**YOUR GOAL:** All entries must be repeated exactly; do not include the pictures.

= Beginning of Section =

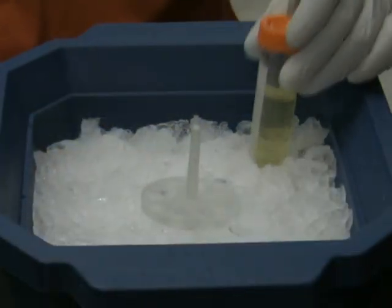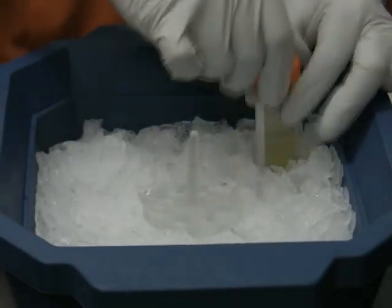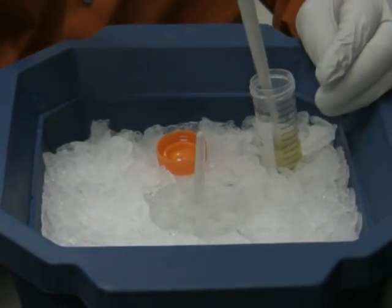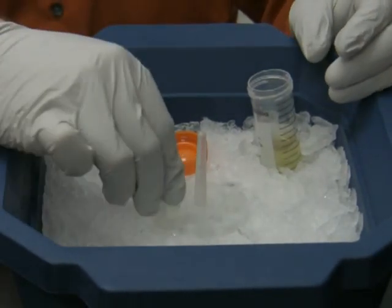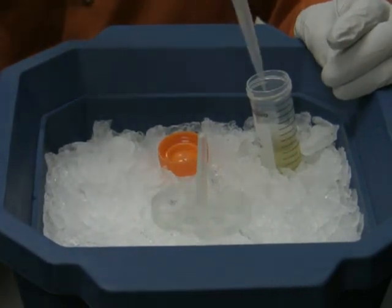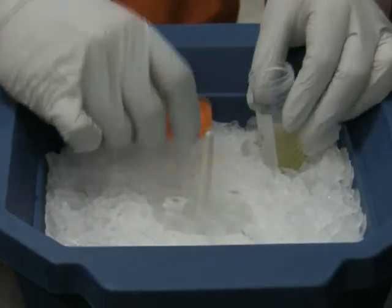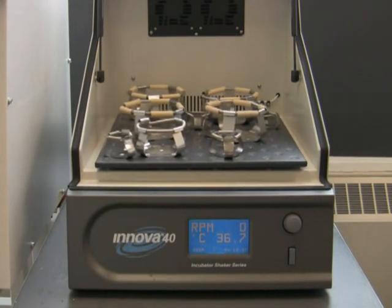Now I'm going to add 800 microliters of LB medium without antibiotics. Then I will shake the tubes in a 37 degree shaker for 45 minutes so they develop antibiotic resistance.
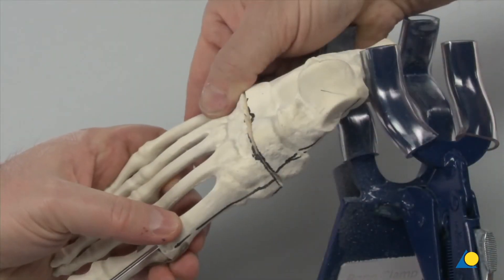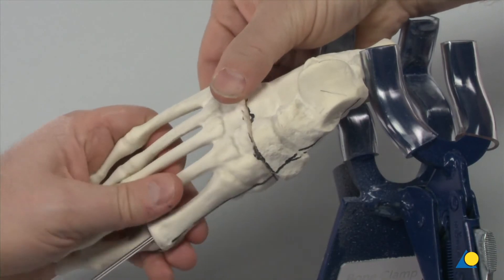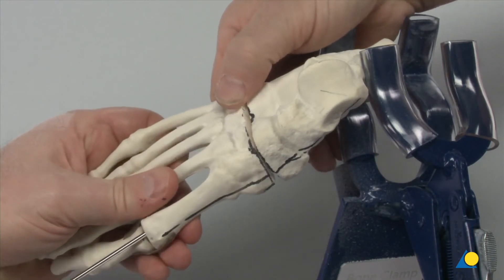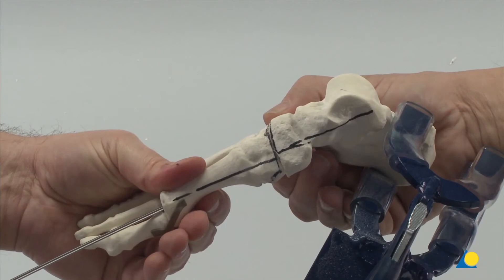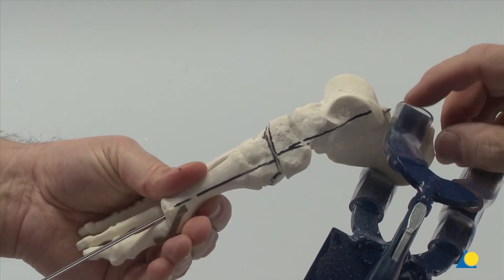The bones are aligned and reduced, adjusting for pronation or supination as well as abduction or adduction. The guide wire is now advanced across the osteotomy as far as the proximal talus, while maintaining the realignment of the medial column.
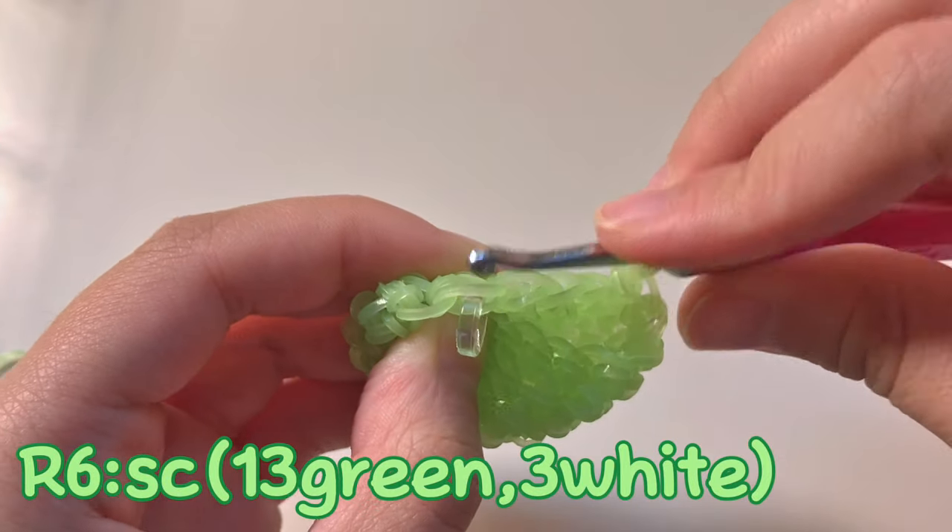This is what it looks like - it turned out super adorable! Hopefully you were able to understand this tutorial. If you made it, make sure you tag me on Instagram at Shannon underscore Cute Creations because I would love to see them. This frog is also available on my store, Cute Creations by S, on Etsy. All the links will be below. I hope you'll be able to understand and I'll see you next time. Bye!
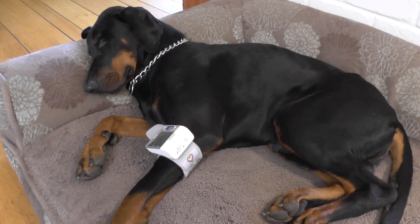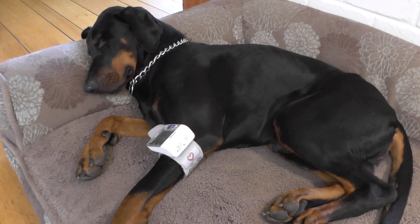Everything above 120 is considered high blood pressure. If your dog has high blood pressure, I recommend going to the vet and doing some tests, especially looking into the kidneys — apparently high blood pressure and kidney disease go hand in hand. There is also Cushing's disease, which is connected to high blood pressure, so I recommend taking your dog to the vet for further investigation.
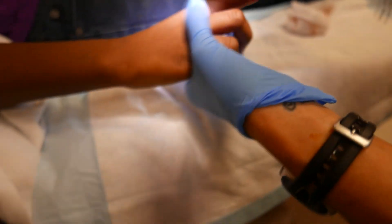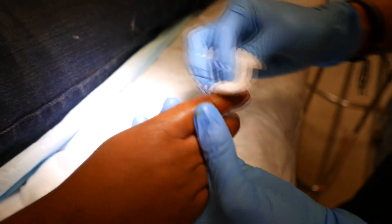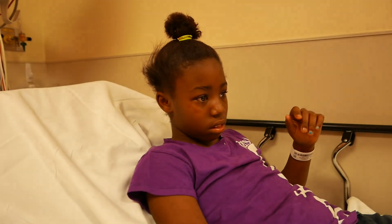Flip your hand. Okay. So we'll put some antibiotic ointment on top of that and a Band-Aid, and she should be good to go. Did you feel anything at all? No? All right. You were brave. You were brave.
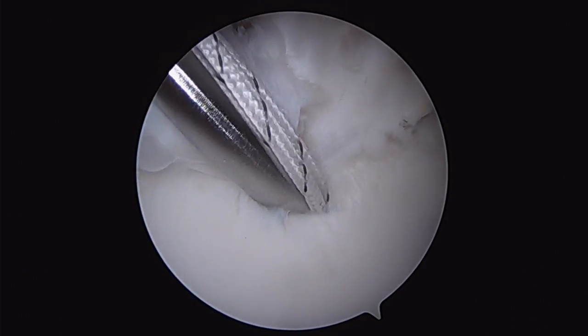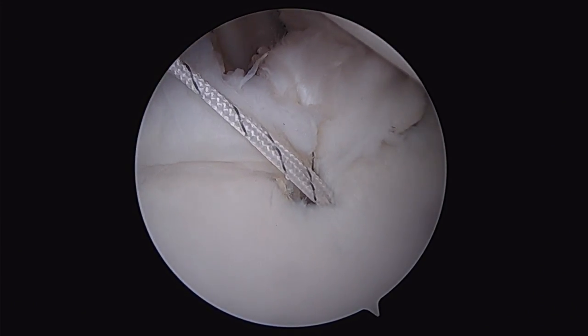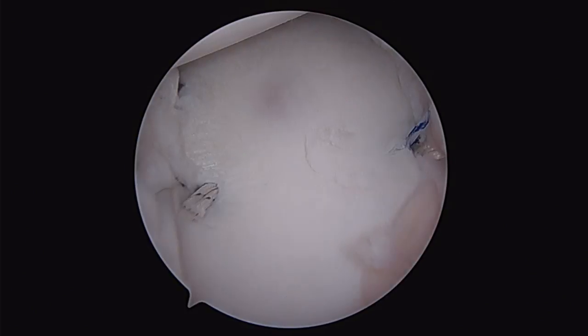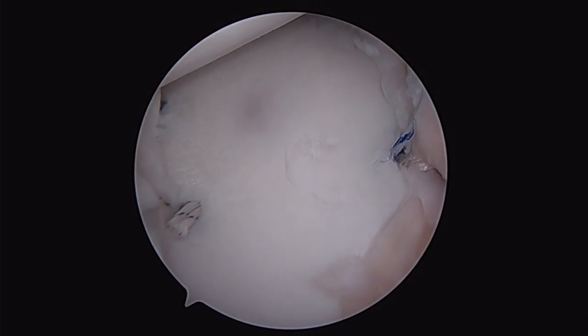Posteriorly, we carry the same process out with two 1.8mm anchors to achieve an excellent capsular shift, for the purposes of accomplishing our labral repair and reducing the significantly abundant capsular volume that we saw at the beginning of the video.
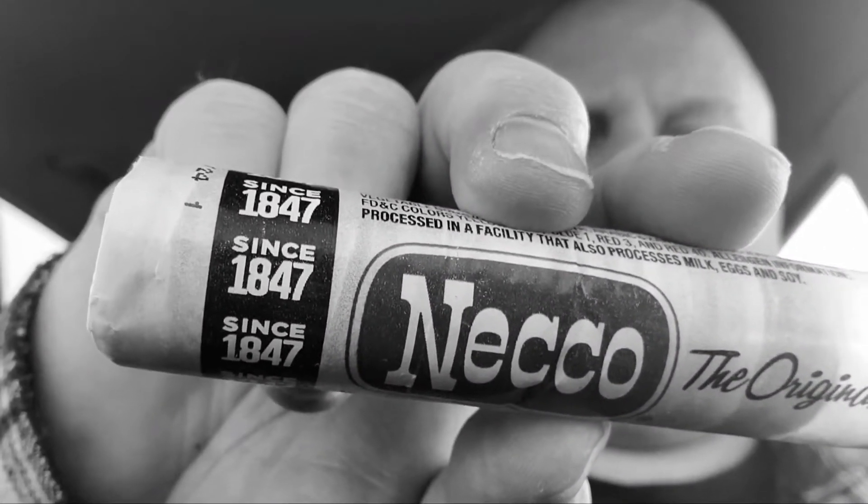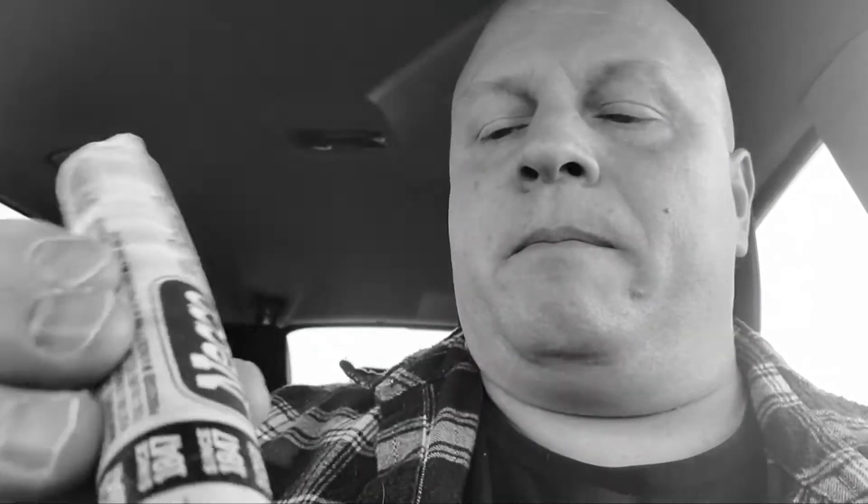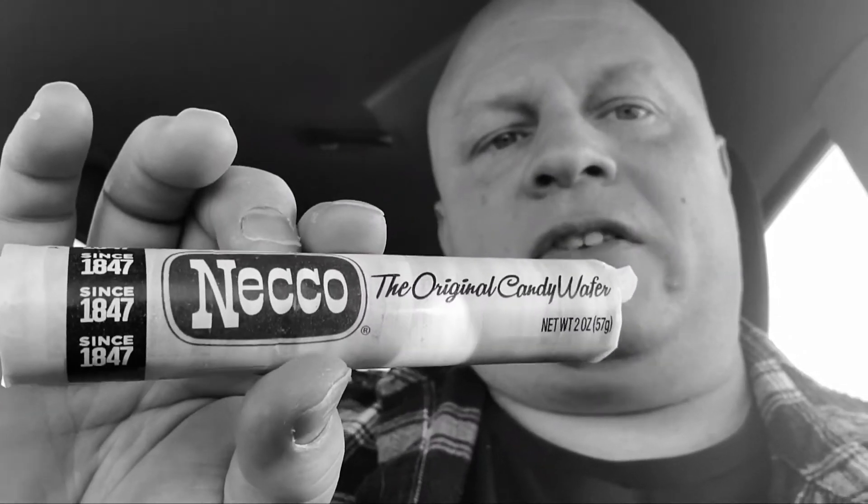It's the Necco Wafer. I used to get these when I was a kid. It says ever since 1847 — they've been around forever, these Necco Wafers. So if you're not familiar with these, I got them in sheets. You can still buy these and they've been around forever.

= End of Section =

**EXPECTED ANSWER:**
Now I'm going to add 800 microliters of LB medium without antibiotics. Then I will shake the tubes in a 37 degree shaker for 45 minutes so they develop antibiotic resistance.
The bones are aligned and reduced, adjusting for pronation or supination as well as abduction or adduction. The guide wire is now advanced across the osteotomy as far as the proximal talus, while maintaining the realignment of the medial column.
This is what it looks like - it turned out super adorable! Hopefully you were able to understand this tutorial. If you made it, make sure you tag me on Instagram at Shannon underscore Cute Creations because I would love to see them. This frog is also available on my store, Cute Creations by S, on Etsy. All the links will be below. I hope you'll be able to understand and I'll see you next time. Bye!
Everything above 120 is considered high blood pressure. If your dog has high blood pressure, I recommend going to the vet and doing some tests, especially looking into the kidneys — apparently high blood pressure and kidney disease go hand in hand. There is also Cushing's disease, which is connected to high blood pressure, so I recommend taking your dog to the vet for further investigation.
Flip your hand. Okay. So we'll put some antibiotic ointment on top of that and a Band-Aid, and she should be good to go. Did you feel anything at all? No? All right. You were brave. You were brave.
Posteriorly, we carry the same process out with two 1.8mm anchors to achieve an excellent capsular shift, for the purposes of accomplishing our labral repair and reducing the significantly abundant capsular volume that we saw at the beginning of the video.
It's the Necco Wafer. I used to get these when I was a kid. It says ever since 1847 — they've been around forever, these Necco Wafers. So if you're not familiar with these, I got them in sheets. You can still buy these and they've been around forever.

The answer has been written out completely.